[Ray Dataset] Shifting data/Lag features

How severe does this issue affect your experience of using Ray?

  • High: It blocks me to complete my task.

Hi all!

I am trying to understand how to create feature lags on my dataframe which is usually done with groupby + shift (e.g. group by customer id and shift so that you build features about what the customer bought one period ago, 2 periods, etc…)

Any way this can be done in Ray Dataset? I don’t see shift in the groupby methods, and this does not look like it could be done with map or map_batches? (as shift would need to access the first/last item from a different batch).
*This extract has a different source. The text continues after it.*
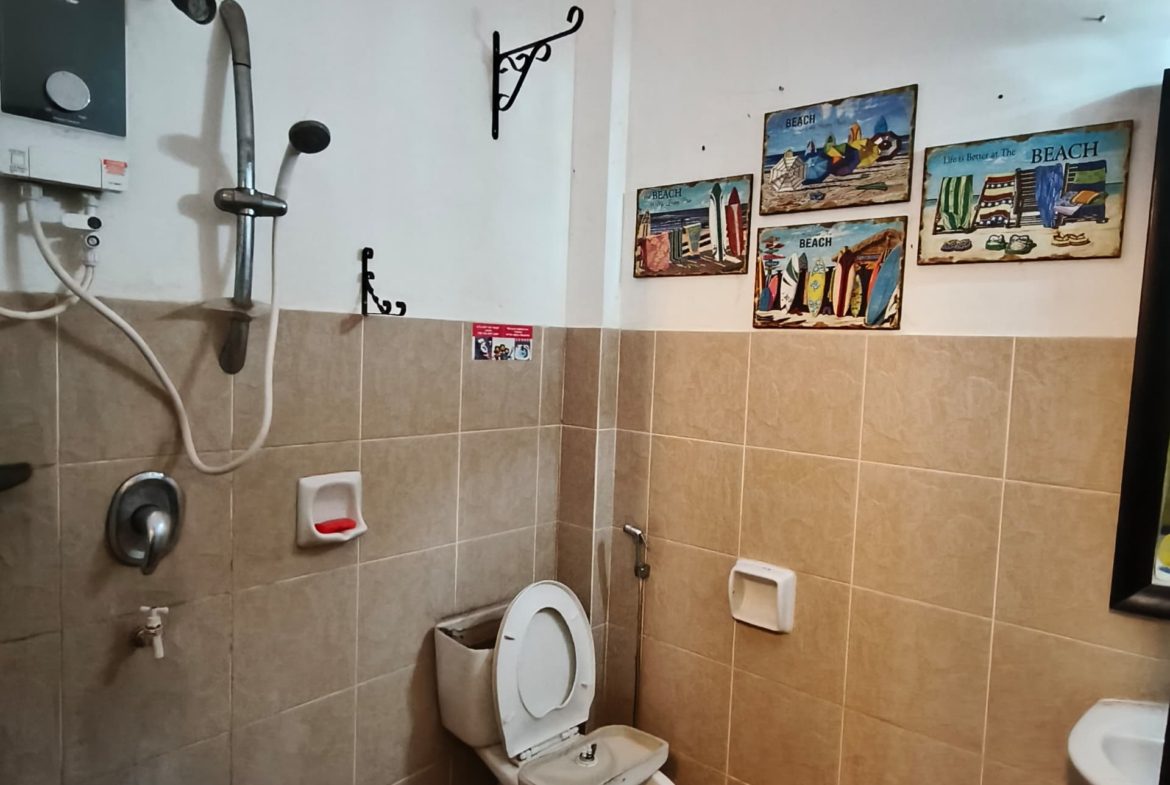 Taman Kingfisher Sulaman 2.5 Storey Terrace House Sepanggar Sulaman For Sales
Any way to shift data on Ray Dataset? Or am I forced to convert to Dask (and make a copy of the data, if my understanding is correct?)

1 Like

Just discovered that Ray datasets has a map_groups function so now I’m assuming you can achieve this by grouping and mapping the groups to a pandas shift function. Will give it a try and report back.

1 Like

Hi @Andrea_Pisoni - thanks for question. Yes you can use map_groups to keep first and last item per group, and then do map_batches on grouped data. Let us know how it works. thanks. We don’t support shift natively now.

Hi Chengsu,

Thanks so much for the suggestion. Can you expand on what you mean?

I thought I would use the pandas.shift function on map_groups directly. How would you use map_batches instead? Each batch is not guaranteed to be a group right? How will that work if a group for example is split across three batches?

Hi @Andrea_Pisoni - actually after thinking again, I think use map_groups with pandas.shift should work, I think you need to keep the previous group in memory, so for each group you know how to shift across the groups, right?